Saturday, January 8, 2011

M-60, an upside to commercialization

The M-60, referred to as "The Pig" during the Vietnam War, is a belt-feed machine gun firing 7.62 x 51 mm NATO cartridges. At a certain point along the tour of the tunnels, you reach a large, open field with a massive shooting range on one side and the cafeteria type restaurants and souvenir shops rest area on the other. For the tourists who are willing to pay, you can choose from an assortment of automatic weapons. AK-47, M-16, all the way up to an M-60, an absolutely massive machine gun. (Click Here to read the Wikipedia article on the M-60)

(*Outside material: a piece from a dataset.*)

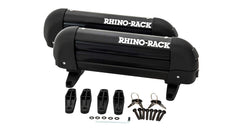 Rhino-Rack ski carrier holds 2 skis securely on roof with glove-friendly loading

I'm writing this blog a few days after we toured the tunnels, and I've had an opportunity see a lot of other spots that are interesting to tourists. I'll write about it more, but there is obviously been a massive effort to make many of these tourist destinations attractive and somewhat familiar people traveling from richer economies. There is also an effort to make them profitable and separate those same travelers from their money. I paid 300,000 dong for 10 rounds on the M-60. That's about $15.




There is a large part of me the regrets this commercialization. I know that Vietnam needs to grow its economy, and it is working hard to attract tourism. But each time they commercialize a site, it looses part of its historical essence. Getting to shoot that gun, though, anesthetizes some of that concern, at least for the 1.5 seconds it takes to shoot 10 rounds, and maybe the 20 minutes afterward that it takes the adrenalin rush to subside.

Shooting that thing was AWESOME!

1 comment:

  1. It's too bad that Cu Chi is a theme park --for gun loving tourists. Better to go to the tunnels near the DMZ where the villagers lived underground for years to escape US carpet bombing. The point is to see the sorrow and stupidity of war, not to glorify it. I'm going to suggest eliminating Cu Chi from future trips.